August 1, 2019
Although the incidence of gastric cancer in the U.S. is slowly declining, it still is a deadly diagnosis for many patients. In 2018, an estimated 26,240 people in the U.S. were diagnosed with gastric cancer, and 10,800 died of the disease. The five-year overall survival (OS) is 68.1 percent for patients with localized disease but is much lower for patients with regional lymph node (LN) involvement (30.6 percent) or distant disease (5.2 percent).1
Two classic randomized control trials in gastric cancer, the Intergroup (INT-0116) trial and the Medical Research Council Adjuvant Gastric Infusional Chemotherapy (MAGIC) trial, have formed the basis of multimodality therapy for gastric cancer for nearly two decades. INT-0116, published in 2001, demonstrated an improvement in OS among patients with resected stage IB-IV(M0) gastric cancer treated with adjuvant fluorouracil (5-FU)-based chemoradiation versus surgery alone (36 versus 27 months).2 Five years later, the British MAGIC trial found an improved five-year OS in stage II–IV(M0) in patients randomized to receive perioperative chemotherapy with three cycles of epirubicin, cisplatin, and 5-FU (ECF) preoperatively and three cycles postoperatively, compared with patients treated with surgery and observation (36.3 percent versus 23 percent).3
However, both of these studies had major limitations, which has led to controversy regarding the optimal management of resectable gastric adenocarcinoma. In contrast to current operative practice, most of the patients in INT-0116 (54 percent) underwent a D0 dissection, which is a less than complete resection of N1 nodes, and only 10 percent of the study cohort underwent a D2 LN dissection (that is, lymphadenectomy of the perigastric, celiac, splenic, hepatic artery, and cardiac LNs). Many critics have suggested that the survival benefit of chemoradiation was only observed due to inadequate surgical therapy. In contrast, a major criticism of the MAGIC trial was the poor compliance with chemotherapy. A high proportion of patients (58.4 percent) assigned to the perioperative chemotherapy arm were unable to complete all six cycles because of progression of disease or cancer-related death (15.6 percent), postoperative complications (4 percent), or treatment toxicity (6 percent), leading to concerns about the generalizability of this treatment regimen to clinical practice.
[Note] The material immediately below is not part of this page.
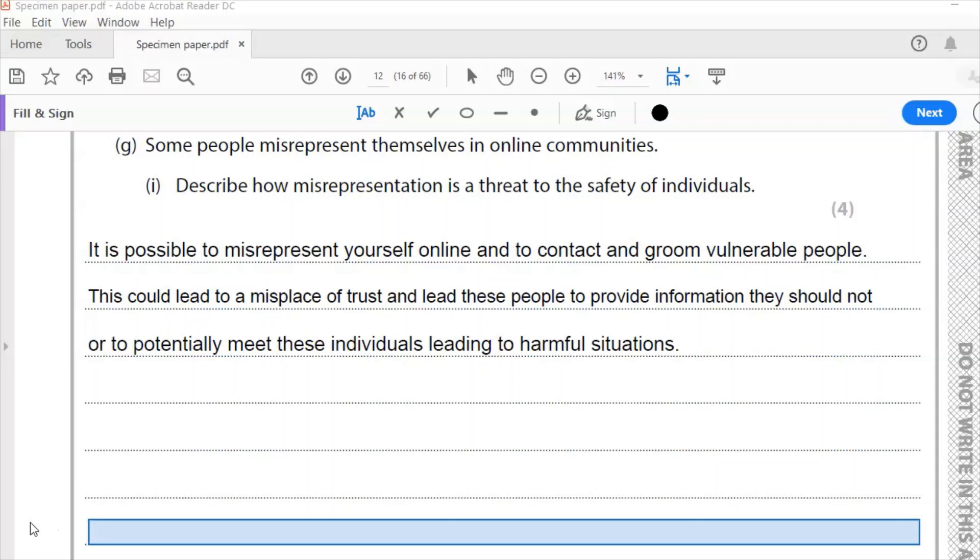So that would be my answer to that one. You could have other things. For example, individuals may not be able to check someone else's details. People could be tricked into giving out information, private information, and bullied into further actions. So giving out private information that they don't want other people or their parents to find out. And then the people that have that information then go and blackmail them and say they want a certain amount of money or otherwise they're going to make that public.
Despite the benefit of both adjuvant chemoradiation and perioperative chemotherapy based on the best available evidence, the optimal treatment for gastric cancer has remained controversial in the absence of a direct comparative trial. The recently published CRITICS (Chemotherapy Versus Chemoradiotherapy After Surgery and Preoperative Chemotherapy for Resectable Gastric Cancer) trial from the Netherlands (2007–2015) sought to address this issue by randomizing nearly 800 patients with resectable gastric cancer to either perioperative (pre- and postoperative) chemotherapy (epirubicin, cisplatin or oxaliplatin, and capecitabine) or perioperative chemotherapy combined with postoperative chemoradiation (45 Gray [Gy] in 25 fractions with capecitabine and cisplatin).4 Median survival was 43 months in the chemotherapy arm and 37 months in the chemotherapy plus postoperative chemoradiation arm (p = 0.90), failing to demonstrate an added survival benefit of postoperative chemoradiation following perioperative chemotherapy and resection. Notably, only 59 percent of patients in the perioperative chemotherapy-only arm and 62 percent of patients in the chemotherapy plus chemoradiation arm initiated the protocol-specified adjuvant therapy after gastrectomy. The persistently observed poor compliance with postoperative therapy has encouraged the development of studies that focus on the optimization of preoperative treatment strategies.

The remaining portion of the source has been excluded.